Look before you leap and plan ahead before you retire.

There is no end of financial advice on preparing for retirement: superannuation, investments, tax minimisation, age pension eligibility, funding your desired lifestyle – the list goes on. All these areas of advice highlight the importance of planning ahead – the sooner you start the better prepared you will be.
One of the biggest decisions for many retirees is whether to stay in the family home or purchase smaller or ‘retiree’ accommodation. It may be their most significant decision both financially and emotionally.

Is it better to plan ahead? In the years prior to retirement many homeowners find themselves with substantial equity in the family home and fewer expenses as kids (hopefully!) leave home. It’s an ideal time to consider using the equity in your home to buy that retirement property now. In the years leading up to your retirement, the rental income and possible tax benefits will help pay for your property.
With the potential benefit of positive movement in the housing market – and now having two properties – this may place you in a good position to increase your retirement nest egg if you choose to sell your family home when you downsize. Depending on your situation you may even be able to keep the family home as an investment.
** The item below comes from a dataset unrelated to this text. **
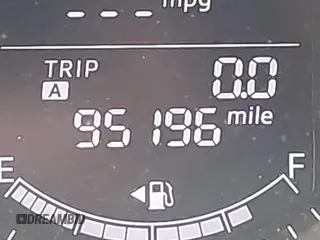 2015 Mazda 6 i Sport with VIN JM1GJ1U54F1193781, listed as a IAAI auction lot 40891523 with 95,196 mi miles. Bid and sale history available at carsss.com. Image 16.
Downsizing is on the move According to the Productivity Commission, approximately 20% of Australians aged 60 or over have sold their home and purchased a less expensive one since turning 501. It is expected this percentage will increase as more Baby Boomers move into retirement.
As a result, there has been increased demand for suitable housing for retirees such as villas, townhouses and units. Growing competition for limited stock in many established areas has increased prices – in some locations the cost of a villa can be as expensive as a three bedroom house. This trend may continue.
But beware – the reverse can happen in an off the plan situation. Some off the plan properties are valued lower than purchase price upon completion and lenders have restricted lending in certain areas.
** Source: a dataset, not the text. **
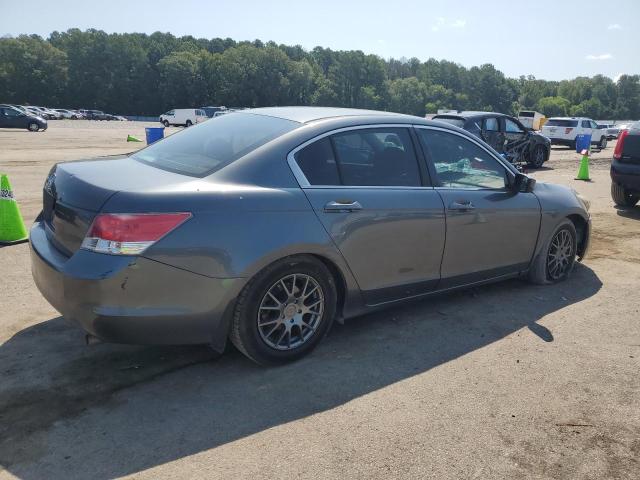 Photo 2 VIN: 1HGCP2F36AA069245 - HONDA ACCORD LX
Why downsize? The decision may be as simple as living in a property that is easier to maintain, closer to family or one that supports your lifestyle choice – many grey nomads LOVE being able to lock up their small pad and hit the road!
Selling could also release money for other investments that provide you with additional income in the future. This may give you more choices in retirement and avoid alternative equity raising options such as a reverse mortgage on your current property.

Look before you leap Before putting your home on the market you should consider the following:
Understand your reasons for selling. Don’t just consider short term needs – factor in potential long term needs.
Explore ALL the implications of selling your house – financial and otherwise.
What are the advantages to YOU? If you’re moving to be near family what will happen if they move elsewhere?
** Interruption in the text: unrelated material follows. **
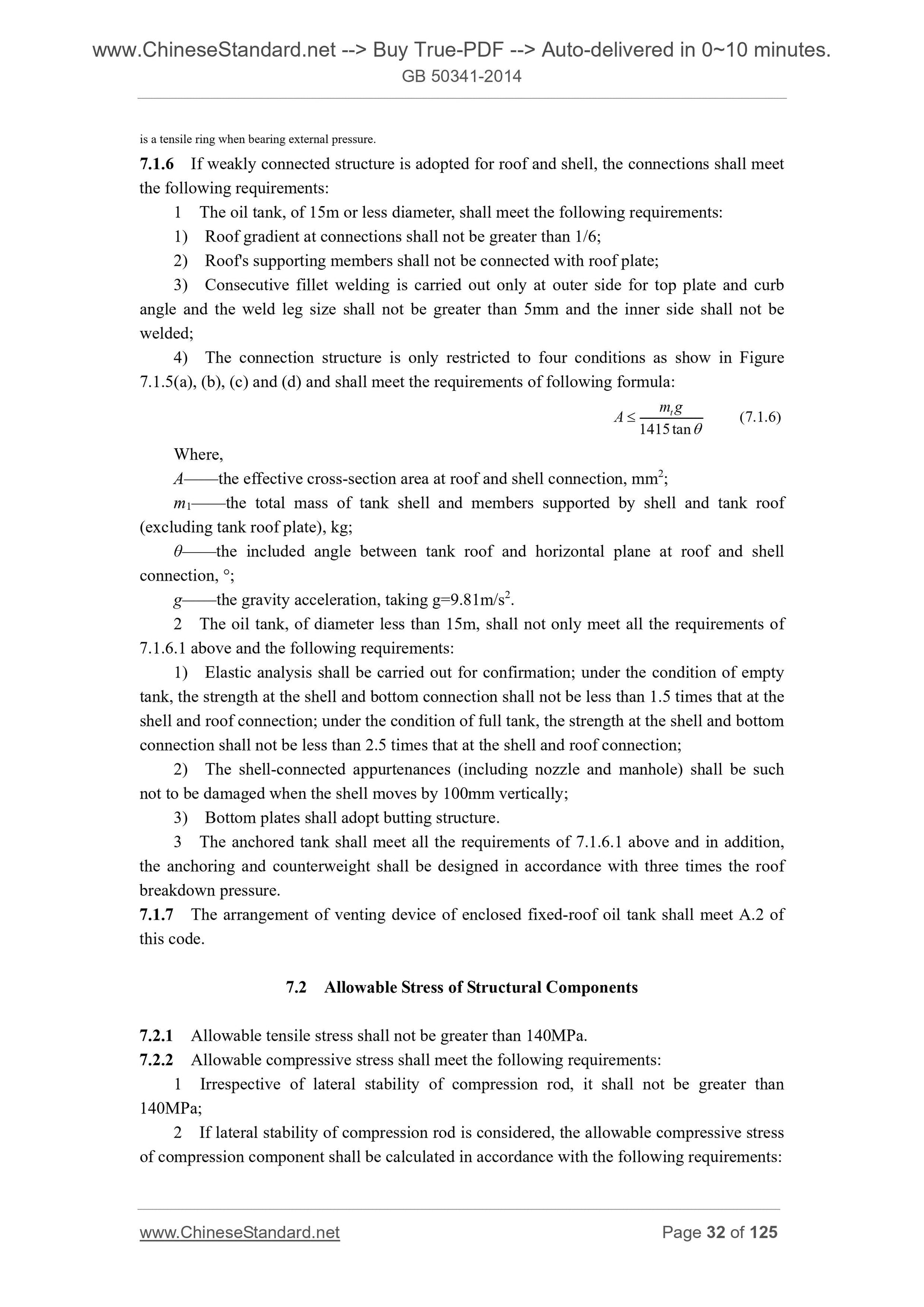 GB 50341-2014 Page 10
Smaller isn’t always cheaper. Explore all the costs of moving and maintaining a new home. Will you be ahead?
Have you sought financial advice? How will funds from the sale of your home affect your Centrelink assets and income tests? Will selling impact your Age Pension?
You may miss people, activities and services in your current area if you relocate to another region. Make plans to re-establish yourself or keep contact with your social circle.
You will need to cull a lifetime of possessions. ‘Letting go’ can be difficult. Try doing without items or living in a confined area of your house for a bit to see how you adjust to ‘smaller living’.
Ultimately, downsizing from your family home should provide you with a whole new way of life that is better than the one you left behind. With careful planning and a clear understanding of your future goals you could be well on the way to making it your best move yet!